WebmasterID logoWebmasterID
Conversion & funnels

Simpson’s paradox in experiments

Simpson's paradox is when an effect that holds within every subgroup reverses or vanishes once the subgroups are pooled. In experiments it appears when the mix of traffic differs between arms — so the aggregate is driven by composition, not the change. It is a vivid reason to check segments and to ensure arms are comparable. This page explains how it arises and how to avoid being fooled.

Partially verified

How the reversal happens

Simpson's paradox arises from a lurking variable that influences both group membership and the outcome. If one arm happens to draw more high-converting traffic (say more returning visitors), it can look better overall even if the change itself helped no one — the aggregate reflects who was in each arm, not what the change did.
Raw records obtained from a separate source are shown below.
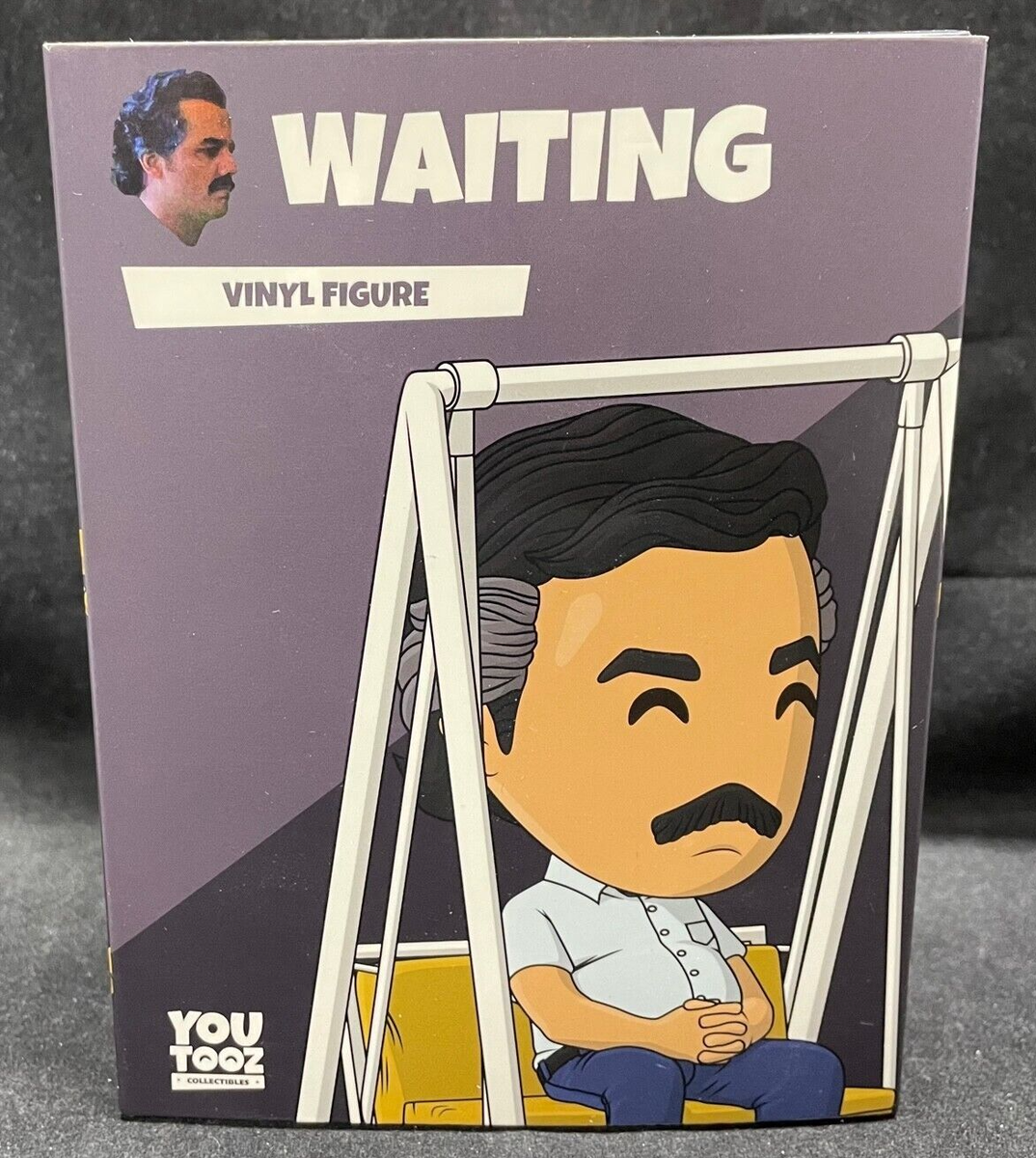 FIGURINE 1/18 PABLO ESCOBAR A COLLER A PEINDRE | Vroom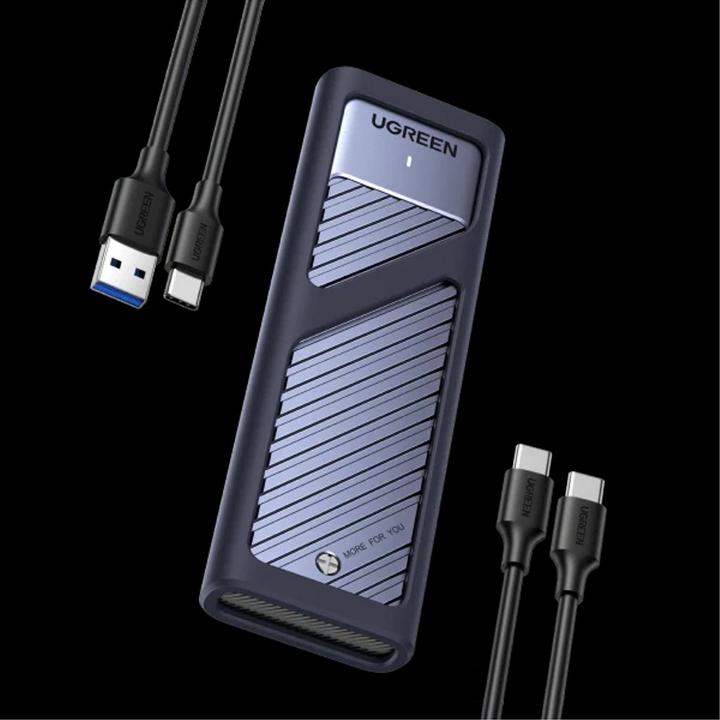 Ugreen M.2 NVMe SSD Enclosure (M.2 2280, M.2 2230, M.2 2260, M.2 2242)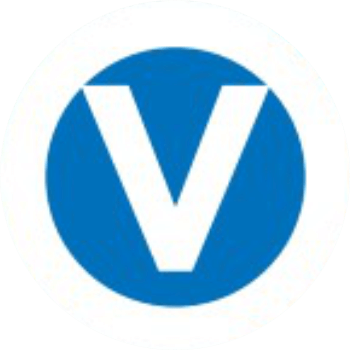 the letter V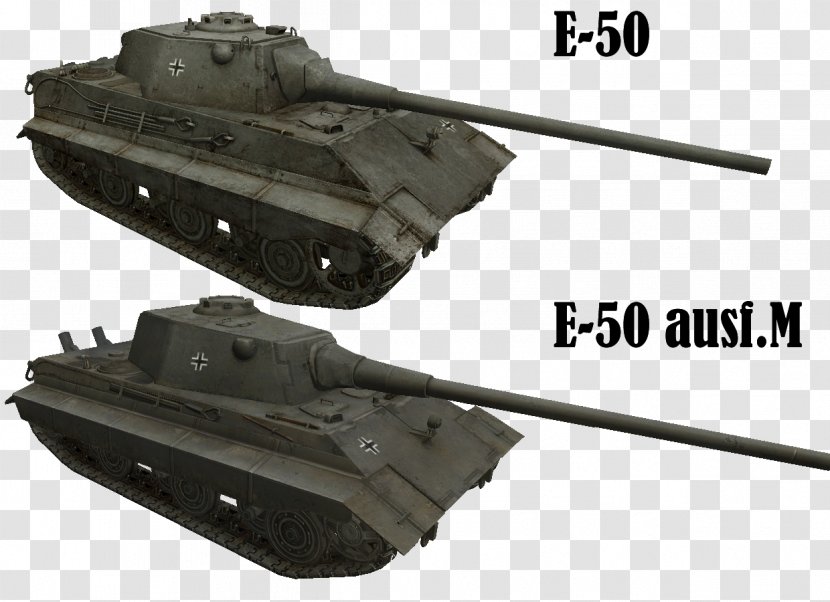 World Of Tanks E-50 Standardpanzer Churchill Tank Medium Transparent PNG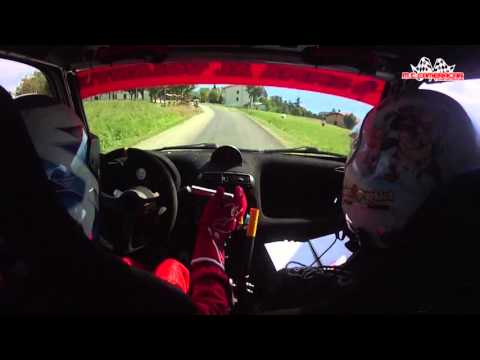 Rally RAAB 2015  Palmieri - Tonelli  Fiat 600 kit A/0 PARATA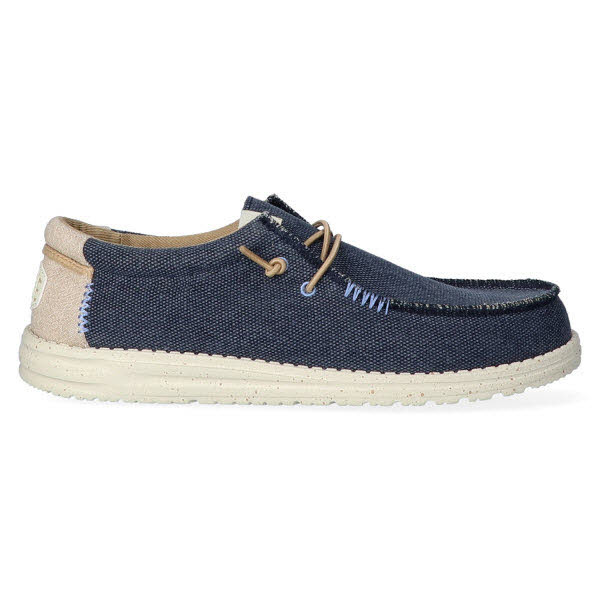 HeyDude Wally Coastline Sneaker Blau - Bild 1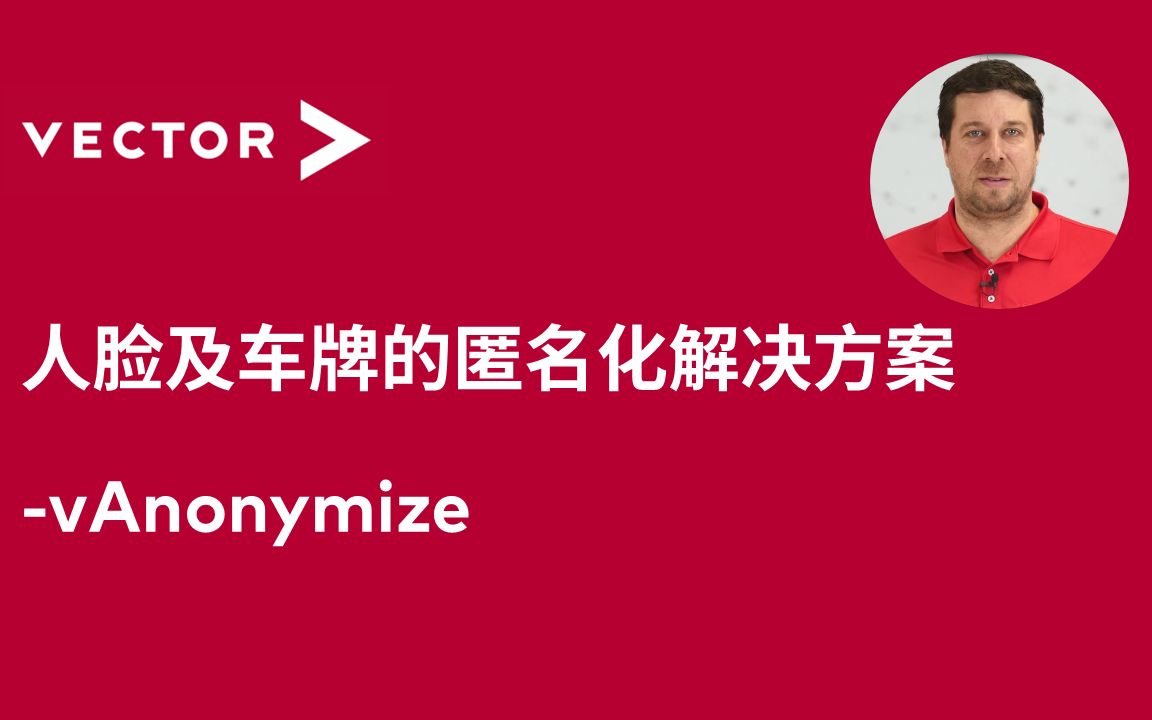 【官方中字】人脸及车牌的匿名化解决方案vAnonymize哔哩哔哩bilibili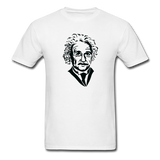 "Albert Einstein" - Men's T-Shirt white / S - LabRatGifts - 1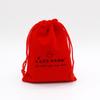 Bolsa de Bênção Vermelha Grande, Bolsa de Presente de Veludo, Bolsa de Armazenamento com Cordão para Doces de Feriado, Bolsa de Embalagem para Joias e Cosméticos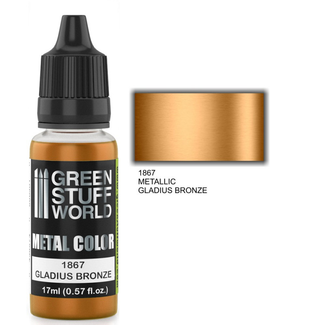 Green Stuff World Metallic Paint GLADIUS BRONZE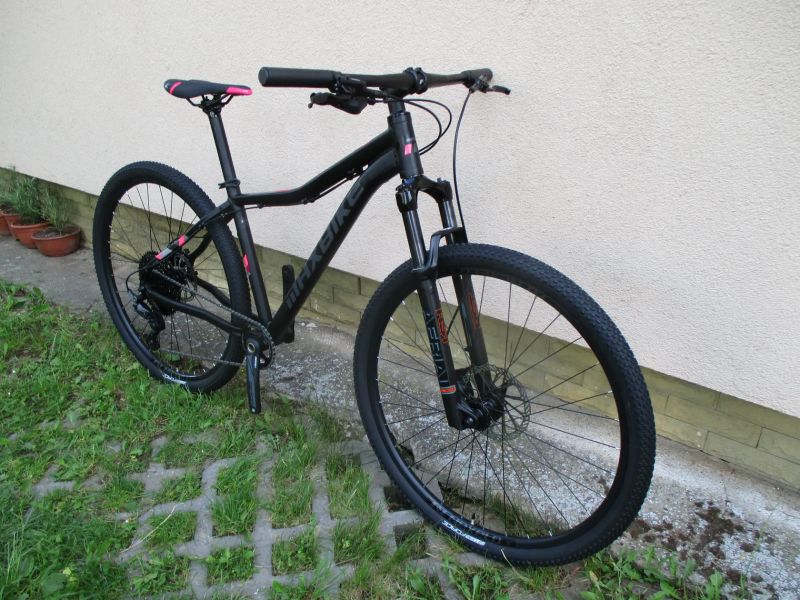 Nové dámské 29" kolo Maxbike M509D 17", Shimano Deore 1x11, vzduchová vidlice RST Aerial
Why randomisation usually prevents it

Proper random assignment makes the traffic mix statistically the same in each arm, so composition cannot drive the result. The paradox tends to surface when assignment is broken — biased redirects, bot filtering that hits arms unevenly, or post-hoc segment slicing — which is also the signature of sample ratio mismatch.

Reading segments without being fooled

The cure is not to pick whichever number you like. Check whether the arms are balanced; if they are, trust the overall result. If they are not, the imbalance itself is the bug to fix before drawing any conclusion — neither the pooled nor the sliced number is trustworthy until arms are comparable.

How it appears in analytics and logs

A variant that wins in every segment yet loses overall signals that the arms have different audience mixes — the aggregate is a weighting artefact, not the true effect.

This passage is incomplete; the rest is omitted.